Scene from Tale of Heike
- Date:
- Late 18th to 19th century
- Medium:
- Color woodblock print; aiban
- Source:
- Art Institute of Chicago
Description
This [aiban](/glossary/aiban)-format color woodblock print, held in the Art Institute of Chicago, shows Katsukawa Shun'ei drawing on the great medieval war chronicle that underlay so much kabuki and gunki-mono imagery. The Tale of Heike (Heike monogatari) recounts the twelfth-century war between the Taira and Minamoto clans, a conflict whose figures — Atsumori, Yoshitsune, Tomomori, Kiyomori, Benkei — populated the Edo stage as historical warriors transformed into theatrical heroes.
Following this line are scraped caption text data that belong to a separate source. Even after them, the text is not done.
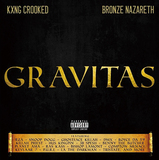 キング・クルキッド&ブロンズ・ナザレス 『Gravitas』 西海岸のドープなヴェテランMC × ウータン・ファミリーのプロデューサーがジョイント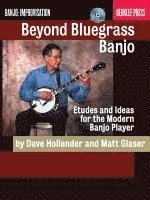 bokomslag Beyond Bluegrass Banjo: Etudes and Ideas for the Modern Banjo Player [With CD (Audio)]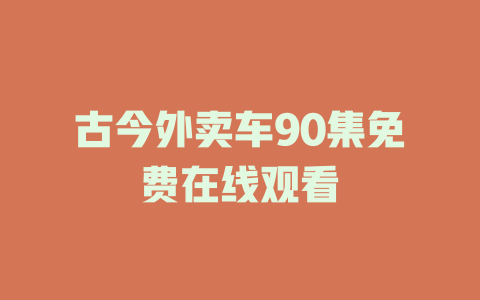 古今外卖车90集免费在线观看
Shun'ei, although best known for his actor portraits, was equally adept at [musha-e](/glossary/musha-e) (warrior subjects), and the medium-size aiban format gave him scope to construct a tableau larger than the single-figure [hosoban](/glossary/hosoban) while remaining intimate compared with the public ōban prints designed for landscape and high drama. The composition demonstrates how thoroughly Shun'ei had absorbed the visual vocabulary of the Katsukawa tradition founded by his teacher Shunshō: solidly modeled armor, sharply outlined facial features in the school's nigao-e manner, and a rhythmic balance between figure and ground. The print also illustrates how late-eighteenth-century artists drew on classical literature to give kabuki performance — and its print culture — a sense of historical depth, anchoring the contemporary celebrity portrait in a longer Japanese narrative tradition.